>>>>
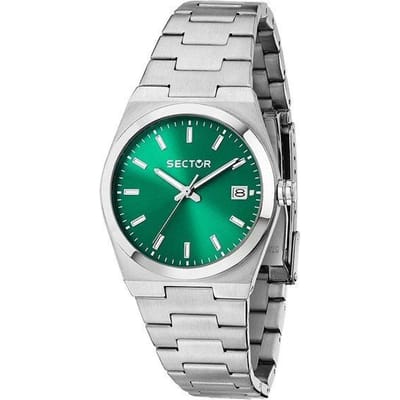 Montre pour femme Sector C300 Acier Inoxydable Cadran Vert Quartz R3253301504 vert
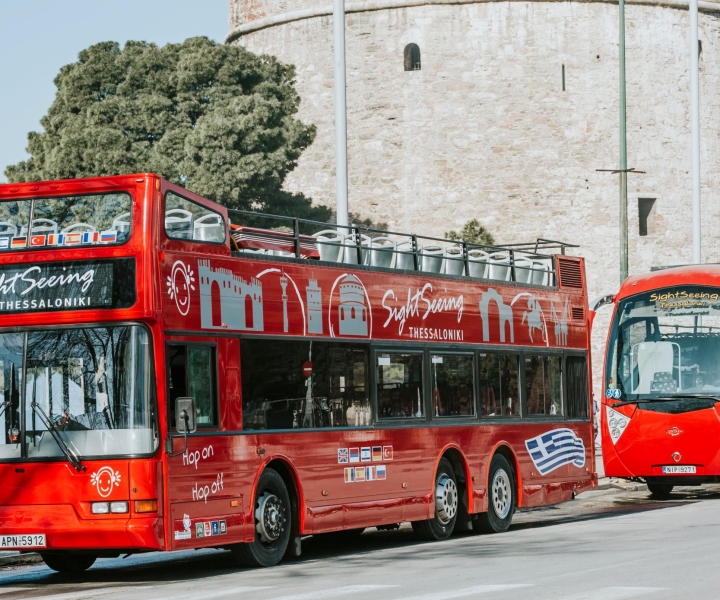Salonicco: tour sull'autobus panoramico hop-on hop-off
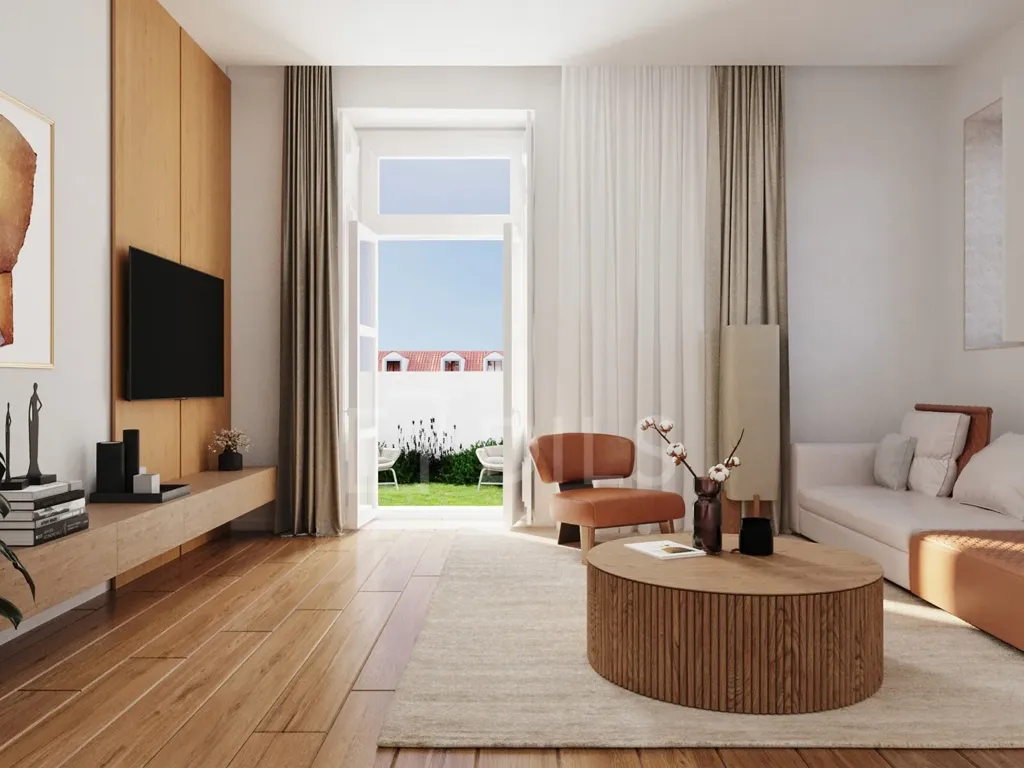 1 magamistoaga korter asukohas Lisbon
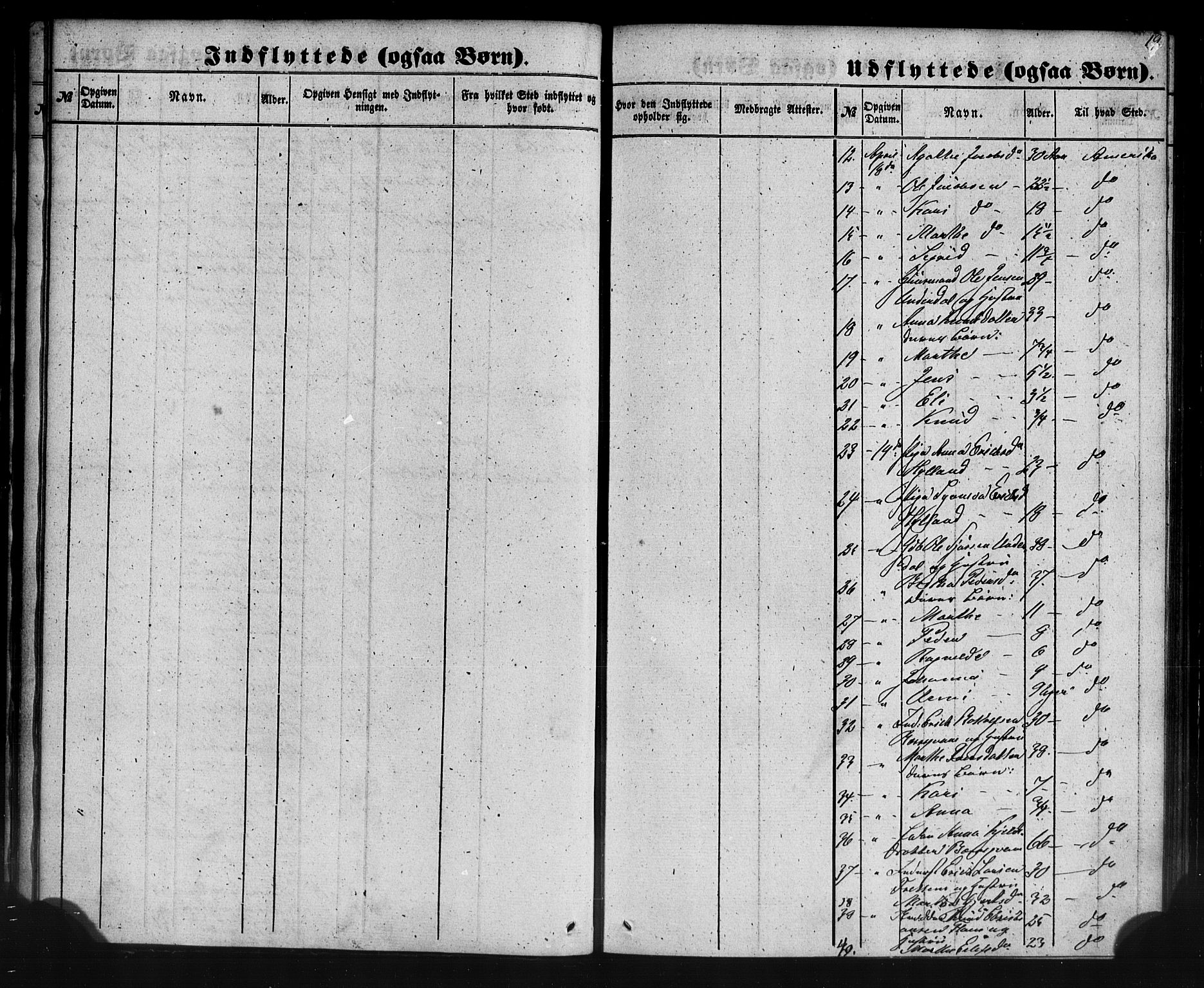 Aurland sokneprestembete, SAB/A-99937/H/Ha/Haa/L0012: Ministerialbok nr. A 12, 1858-1879, s. 19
<<<<
YOUR INSTRUCTIONS → Transcribe the listing exactly, skipping pictures.

RESPONSE AREA →
 Montre pour femme Sector C300 Acier Inoxydable Cadran Vert Quartz R3253301504 vert
Salonicco: tour sull'autobus panoramico hop-on hop-off
 1 magamistoaga korter asukohas Lisbon
 Aurland sokneprestembete, SAB/A-99937/H/Ha/Haa/L0012: Ministerialbok nr. A 12, 1858-1879, s. 19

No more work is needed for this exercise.